Donald Trump piétine tous les principes qui soutiennent nos démocraties, dans tous les domaines. Face à lui, l’Europe se complait dans la sidération.
Il se passe des choses bien étranges aux États-Unis[1]. On a peine à se souvenir que le Président Trump n’est en place que depuis un mois !
Commençons par les vengeances personnelles : tous les observateurs ont déjà observé, médusés, le pardon aux insurgés du 6 janvier, condamnés pour violences sur la police, la rétrogradation d’officiers supérieurs qui avaient osé critiquer l’actuel Président alors qu’il ne l’était pas encore, l’éviction des services de Sécurité de plusieurs anciens responsables gouvernementaux…
Puis vinrent les nominations les plus absurdes du gouvernement : un antivax à la santé, un présentateur de télé à la Défense, une élue pro-russe en charge des services secrets etc… Sans parler de ce nouveau « Bureau de la Foi », sans doute créé pour être bien vu à Téhéran
Le fait qu’Elon Musk, qui n’est pas élu, ait décidé de fermer l’Agence des Etats-Unis pour le développement international (USAid) en la qualifiant de « diabolique » marque le peu de respect de la nouvelle administration pour le Congrès qui a créé l’USAid en tant qu’agence indépendante. 40 milliards effacés d’un trait de plume. Et un nombre incalculable de victimes dans le vaste monde.
Notons au passage la décision stupéfiante de supprimer toute loi réprimant la corruption d’argent étranger par les entreprises américaines.
Mais le plus étonnant est peut-être le coup d’État numérique qui est en cours. Quelques nervis de Musk ont obtenu un accès aux systèmes informatiques du Trésor Américain, qui contrôlent tous les paiements fédéraux : chèques de la sécurité sociale, salaires des fonctionnaires, paiement aux gouvernements des États et collectivités locales, aux institutions éducatives et financières, aux fournisseurs et sous-traitants, aux ONG, aux États étrangers, etc. Le potentiel de falsification, de détournements et pour tout dire de manipulation est immense. Sans précédent.

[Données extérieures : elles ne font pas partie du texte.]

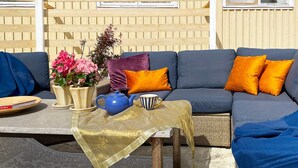 A cozy outdoor seating area with a sofa, cushions, a table with a teapot, a cup, and a book. - 5 Person Holiday Home in Romakloster (Romakloster)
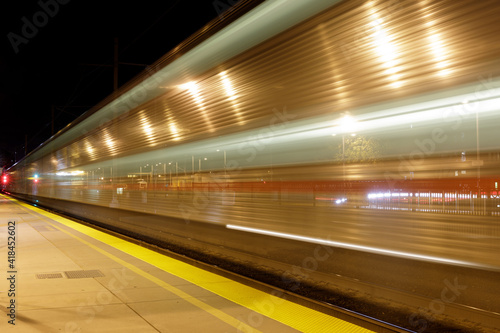 Train Passing Terminus in San Francisco Bay Area at Night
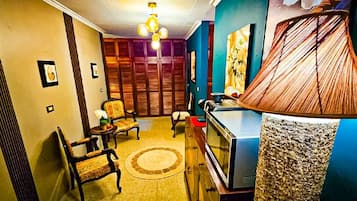 Habitació amb televisió, làmpada, sofà i una catifes amb dibuixos.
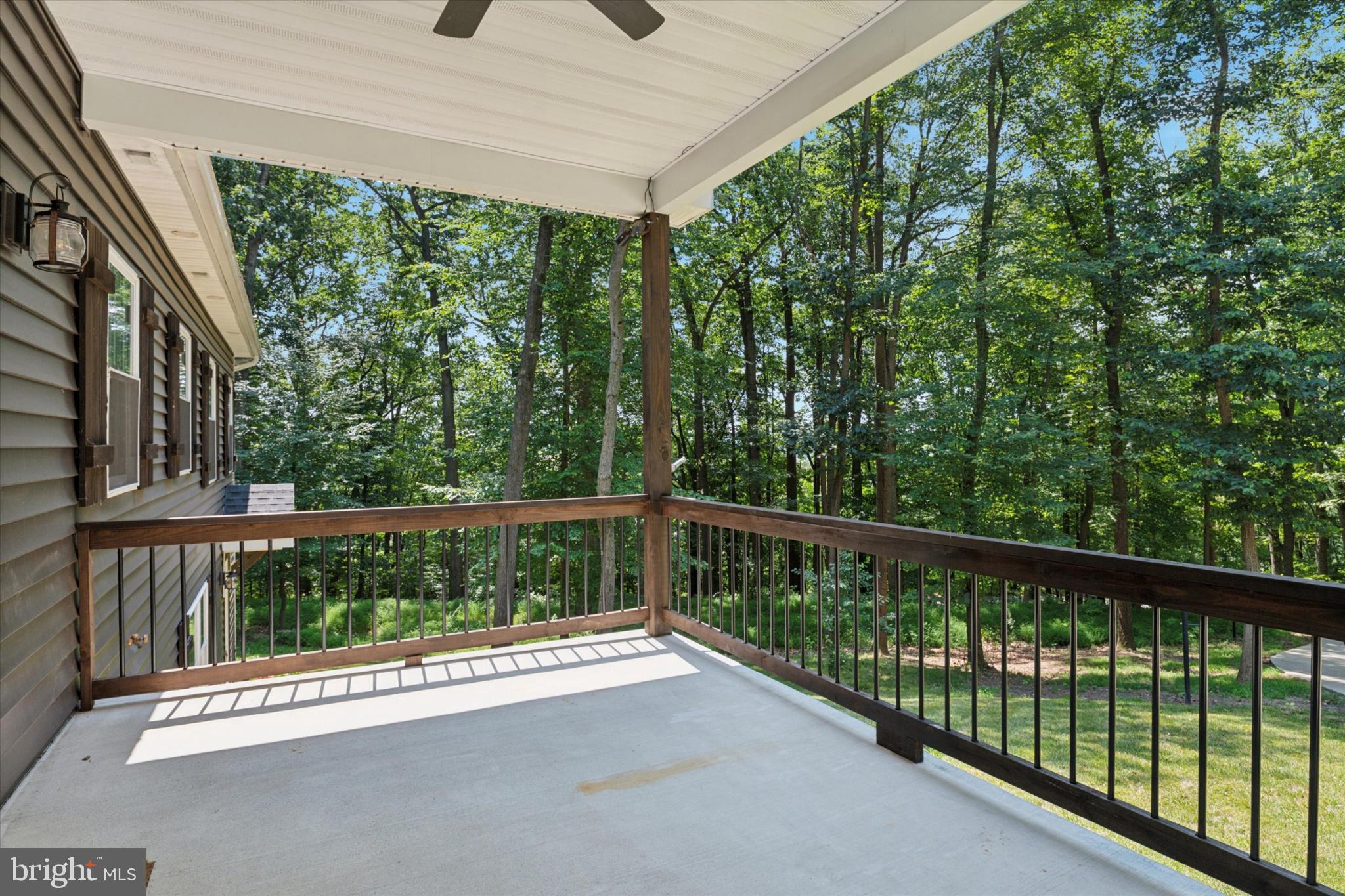 951 North Bailey Road Downingtown, PA 19335 - Photo 28 of 35 Serene deck overlooking lush greenery.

Même chose en matière internationale.
Faire chanter ses alliés n’est pas une pratique commune en diplomatie. C’est ce que fait le Président Américain en les traitant comme des vassaux. En négociant directement avec Poutine l’abandon de territoires conquis par la force il trahit l’Ukraine et traite les Européens en supplétifs. Il n’hésite d’ailleurs pas à menacer ses partenaires commerciaux d’une hausse inédite de tarifs douaniers. Le Canada et le Mexique se sont inclinés devant les exigences de Washington. Mais les coûts à moyen terme sont importants, pour l’inflation américaine en particulier et l’économie mondiale en général. En sortant du Traité de Paris sur le climat (« drill, baby, drill »), de l’OMS et de l’OMC le Président américain porte un coup très rude à un multilatéralisme déjà mal en point.
Quant à la morale la plus élémentaire… qui s’en soucie ? Dire à Kiev que Washington continuera de soutenir l’Ukraine si le pays met à disposition de l’Amérique ses terres rares, c’est s’inspirer des pratiques mafieuses à Chicago dans les années 30. Dire au Danemark qu’on veut s’emparer du Groenland pour des raisons stratégiques c’est mentir : les Américains convoitent simplement les ressources minières de ce territoire, avec, disons-le une mentalité coloniale. Enfin en proposant de transformer Gaza en un paradis sur le modèle de la Riviera, Donald Trump risque de mettre une nouvelle fois le feu dans une région déjà ensanglantée. On aimerait être sûr que ce n’est pas pour servir de grands intérêts immobiliers…
L’oncle Sam est devenu Ubu roi. Face à lui l’Europe semble saisie de sidération. Un silence proche de la lâcheté.